What’s the solution? The graybeard will blame the programmer, say we need fewer dependencies and that any competent dev can re-write Figma in vanilla.js over a weekend. The HN commenter will blame the programmer for failing to audit the quarter-million lines of code in their dependencies.

But we shouldn’t want to give up dependencies. Leveraging dependencies increases economic productivity, reinventing the wheel (unless you have a good reason) decreases it. Modern programming is O-ring, not Cobb-Douglas. And as I wrote in the Austral intro post, blaming the programmer will change nothing:

If planes were flown like we write code, we’d have daily crashes, of course, but beyond that, the response to every plane crash would be: “only a bad pilot blames their plane! If they’d read subparagraph 71 of section 7.1.5.5 of the C++, er, 737 spec, they’d know that at 13:51 PM on the vernal equinox the wings fall off the plane.”
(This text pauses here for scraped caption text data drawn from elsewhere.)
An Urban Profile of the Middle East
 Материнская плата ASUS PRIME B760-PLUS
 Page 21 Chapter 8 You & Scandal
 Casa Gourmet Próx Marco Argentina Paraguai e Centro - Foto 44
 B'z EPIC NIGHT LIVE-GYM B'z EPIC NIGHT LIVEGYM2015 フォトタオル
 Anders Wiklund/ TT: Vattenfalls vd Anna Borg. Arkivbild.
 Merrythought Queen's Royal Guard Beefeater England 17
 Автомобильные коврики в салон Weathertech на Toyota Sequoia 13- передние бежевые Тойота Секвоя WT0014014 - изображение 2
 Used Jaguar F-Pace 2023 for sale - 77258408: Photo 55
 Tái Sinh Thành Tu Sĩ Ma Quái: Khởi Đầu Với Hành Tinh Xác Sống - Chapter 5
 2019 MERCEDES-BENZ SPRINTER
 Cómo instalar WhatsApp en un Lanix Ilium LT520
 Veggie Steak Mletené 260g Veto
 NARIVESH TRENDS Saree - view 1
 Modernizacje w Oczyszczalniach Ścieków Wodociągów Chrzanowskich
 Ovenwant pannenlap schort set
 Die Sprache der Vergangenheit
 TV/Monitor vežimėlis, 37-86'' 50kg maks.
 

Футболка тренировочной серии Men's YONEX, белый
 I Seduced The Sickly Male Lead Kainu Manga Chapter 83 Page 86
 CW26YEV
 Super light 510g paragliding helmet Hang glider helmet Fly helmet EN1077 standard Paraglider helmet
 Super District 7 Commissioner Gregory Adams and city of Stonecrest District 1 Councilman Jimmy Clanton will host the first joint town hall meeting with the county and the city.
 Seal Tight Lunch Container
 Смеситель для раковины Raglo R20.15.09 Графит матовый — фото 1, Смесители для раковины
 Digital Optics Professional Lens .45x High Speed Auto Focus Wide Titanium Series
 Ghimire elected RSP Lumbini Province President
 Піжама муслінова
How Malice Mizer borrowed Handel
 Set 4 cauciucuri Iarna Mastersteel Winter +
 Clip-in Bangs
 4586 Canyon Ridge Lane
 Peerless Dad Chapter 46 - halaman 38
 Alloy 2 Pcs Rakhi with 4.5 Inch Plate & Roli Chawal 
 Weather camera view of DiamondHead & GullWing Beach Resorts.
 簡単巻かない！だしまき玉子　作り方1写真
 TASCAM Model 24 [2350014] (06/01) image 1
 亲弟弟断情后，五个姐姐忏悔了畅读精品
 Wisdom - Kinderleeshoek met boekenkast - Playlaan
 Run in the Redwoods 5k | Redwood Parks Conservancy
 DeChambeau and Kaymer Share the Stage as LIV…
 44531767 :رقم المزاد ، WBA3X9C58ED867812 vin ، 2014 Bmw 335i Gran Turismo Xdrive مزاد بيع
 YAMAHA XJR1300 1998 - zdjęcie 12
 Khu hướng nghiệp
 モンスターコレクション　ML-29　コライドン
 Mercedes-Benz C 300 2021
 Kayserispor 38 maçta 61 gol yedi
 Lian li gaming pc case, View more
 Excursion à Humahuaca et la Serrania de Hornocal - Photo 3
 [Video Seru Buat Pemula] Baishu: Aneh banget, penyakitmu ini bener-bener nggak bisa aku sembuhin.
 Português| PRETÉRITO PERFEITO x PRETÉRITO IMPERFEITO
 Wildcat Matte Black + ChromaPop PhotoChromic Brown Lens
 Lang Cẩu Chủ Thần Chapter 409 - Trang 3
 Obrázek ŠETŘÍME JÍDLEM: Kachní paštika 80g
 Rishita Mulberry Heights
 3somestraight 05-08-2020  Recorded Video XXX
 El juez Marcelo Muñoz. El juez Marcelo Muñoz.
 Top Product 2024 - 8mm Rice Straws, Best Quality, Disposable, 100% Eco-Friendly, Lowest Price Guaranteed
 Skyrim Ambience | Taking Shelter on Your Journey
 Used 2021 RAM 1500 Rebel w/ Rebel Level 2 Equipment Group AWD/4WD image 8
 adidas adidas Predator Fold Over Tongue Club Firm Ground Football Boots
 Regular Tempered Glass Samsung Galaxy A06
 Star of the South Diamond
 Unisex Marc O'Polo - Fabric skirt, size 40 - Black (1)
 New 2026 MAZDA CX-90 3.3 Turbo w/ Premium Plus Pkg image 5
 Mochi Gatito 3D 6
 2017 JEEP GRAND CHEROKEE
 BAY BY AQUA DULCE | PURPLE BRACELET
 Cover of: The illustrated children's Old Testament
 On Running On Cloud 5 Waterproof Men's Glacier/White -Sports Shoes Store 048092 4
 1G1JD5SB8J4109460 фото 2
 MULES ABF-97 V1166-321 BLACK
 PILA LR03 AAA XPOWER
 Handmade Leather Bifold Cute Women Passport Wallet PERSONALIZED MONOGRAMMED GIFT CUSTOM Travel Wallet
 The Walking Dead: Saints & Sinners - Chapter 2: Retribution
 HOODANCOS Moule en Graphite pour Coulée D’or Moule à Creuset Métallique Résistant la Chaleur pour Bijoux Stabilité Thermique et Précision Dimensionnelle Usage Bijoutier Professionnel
This doesn’t happen in aviation, because in aviation we have decided, correctly, that human error is an intrinsic and inseparable part of human activity. And so we have built concentric layers of mechanical checks and balances around pilots, to take on part of the load of flying. Because humans are tired, they are burned out, they have limited focus, limited working memory, they are traumatized by writing executable YAML, etc.

Discipline doesn’t fix type errors: type systems do. Discipline doesn’t fix memory leaks and buffer overflows: ownership types do. Similarly, security vulnerabilities will not be fixed by demanding superhuman discipline but by building languages with safer semantics.

The Solution
Capabilities in Austral
Limitations
Future Work
1. Auditing
2. A Stricter Model

The Solution

The solution is capability-based security. A capability is an unforgeable token that grants access to some permissioned resource, like the filesystem or the network or an accurate clock. Anything that should be locked down should require a capability to access.

And, ideally, capabilities should be arbitrarily granular: requiring a capability to access the filesystem as a whole, read and write, removes a good chunk of security vulnerabilities. But we can go further: we can constraint access to a directory and its contents, or to a specific file, or to a specific file in read-only mode, and so on.

Capabilities at the process and operating system level are widely implemented: Capscisum, Fuchsia, pledge, seccomp.

These are typically more coarse-grained than what you can do with language-level support, but they’re easier to implement, because you can implement capability security around a completely untrusted, unaudited codebase, written in any language, runtime, or era.

Language-level capabilities are harder. The language’s semantics have to be designed with capabilities in mind, trying to slap capability-security on a language after the fact is like trying to slap a type system on a dynamically-typed language. It might work, but you will have soundness issues, and you will cope and say it “doesn’t matter in practice”.

The reason it’s hard is, you’d typically represent capabilities as types, and most programming languages don’t give hard guarantees about the provenance of types. In C and C++ you can in principle cast anything into anything. In Python or Common Lisp or other dynamic languages, you can dynamically search for a class by name and instantiate it anywhere. Unsafe operations—precisely what capability-based security is meant to constrain—let you get around that very security.

The E programming language has capability security built in, but you don’t hear much about it.

Capabilities in Austral

Austral “supports” capability-based security. Supports in quotes because it is not a first-class feature: capability security is simply a consequence of linear types (except for the RootCapability—more on this later). Which makes me proud of the language design, since it’s a good sign when useful things naturally fall out of a design by logical necessity.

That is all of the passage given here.